Contrairement à ce que nous reprochent nos ennemis du « cercle de la raison » néo-libérale, nous savons être réalistes et même pragmatiques. Reconnaissons donc sans barguigner que l’utopie lordonienne n’est pas réalisable. Une révolution anticapitaliste n’est possible qu’à l’échelle planétaire. Pour être un peu plus précis, il faudrait que son projet se déploie très vite au niveau des continents pour acquérir assez de poids face aux autres zones et ne pas être écrasé en quelques jours – si ce n’est, grâce aux ressources de la biochimie et du nucléaire, en quelques heures. L’affirmation du devenir nécessairement mondial de la révolution pouvait passer naguère pour une forme de renoncement implicite mais une nouvelle fois l’évolution en cours vient rire au nez de ceux qui nous opposent « l’analyse concrète des situations concrètes ». Quel que soit l’avenir immédiat des soulèvements actuels dans une vingtaine de pays, leur capacité à s’influencer mutuellement, à échanger des signes de complicité implicite et explicite montre qu’à travers la systématisation et l’organisation des connexions entre révoltes, une puissance mondiale peut naître.
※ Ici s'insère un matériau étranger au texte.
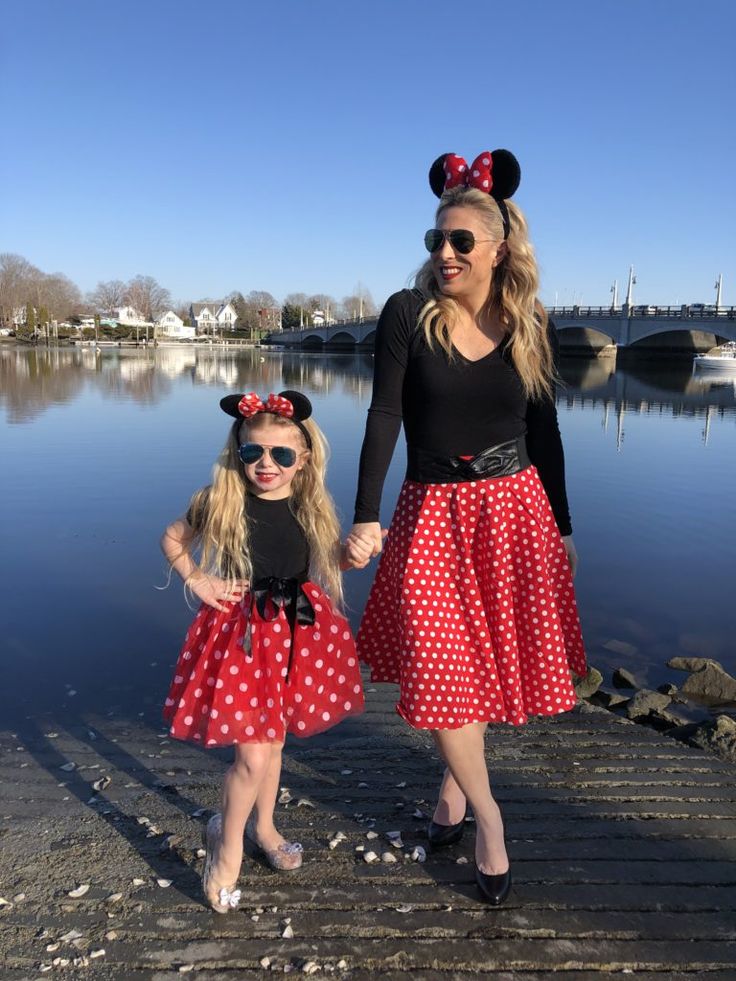 two women in minnie mouse costumes standing on a dock next to a body of water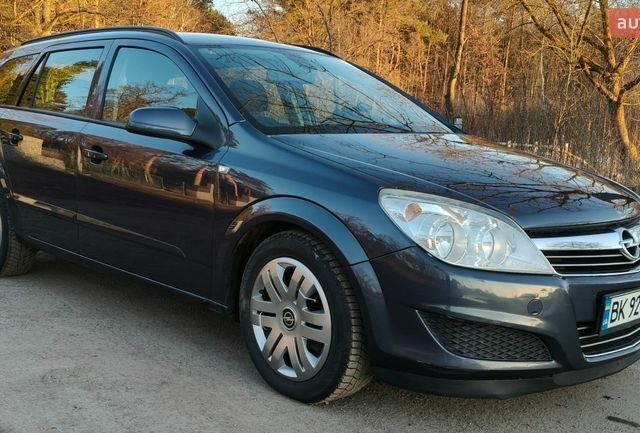 Синий Опель Астра, объемом двигателя 1.69 л и пробегом 244 тыс. км за 5500 $, фото 1 на Automoto.ua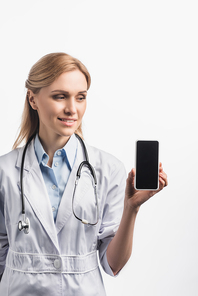 happy nurse in white coat smiling while holding smartphone with blank screen isolated on white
Tout en ayant en commun de rejeter les dirigeants gouvernementaux et à travers eux la gouvernance néo-libérale, ces soulèvements ne produisent aucun leader visible sur les écrans des médias dominants. Ce que les esprits faibles de l’éditocratie considèrent comme une faiblesse fait en réalité la force de la vague qui se lève, car, en se dérobant aux codes dominants de la négociation, elle montre qu’elle pourrait emporter jusqu’aux systèmes de représentation et de gouvernement actuels. Ceux qui voient dans les soulèvements une demande d’Etat protecteur n’ont pas plus tort que ceux qui y voient la promesse d’un dépassement de l’Etat. C’est le propre de ce type d’événements d’être riche de potentialités contradictoires. Pour dépasser l’Etat, il faudrait dépasser les limites d’un imaginaire humain qui, depuis les premières sociétés céréalières du Moyen-Orient ancien, s’est enfermé dans une équivalence de plus en plus étroite entre l’organisation générale et la structure étatique. Il faudrait garder à l’esprit que l’humanité a vécu plus longtemps sans Etat qu’avec, et que pour qu’elle consente à y restreindre sa forme de vie, il a fallu que, voilà quelques millénaires, s’exerce contre les groupes humains des bords de l’Euphrate et d’ailleurs une contrainte nullement « naturelle » [3]. Dans l’Empire, soit le système des puissances qui enserre la planète, les Etats nationaux ne sont qu’une puissance parmi d’autres qui vont des grands conglomérats économiques aux institutions et firmes financières en passant par les ONG et les mafias. En réponse aux soulèvements mondiaux, on peut rêver – si on appelle cela rêver – d’un Etat-providence mondial qui mettrait au pas toutes les puissances transnationales. On peut aussi trouver qu’une telle conception fournirait un alibi humanitaire idéal à une société de contrôle universelle.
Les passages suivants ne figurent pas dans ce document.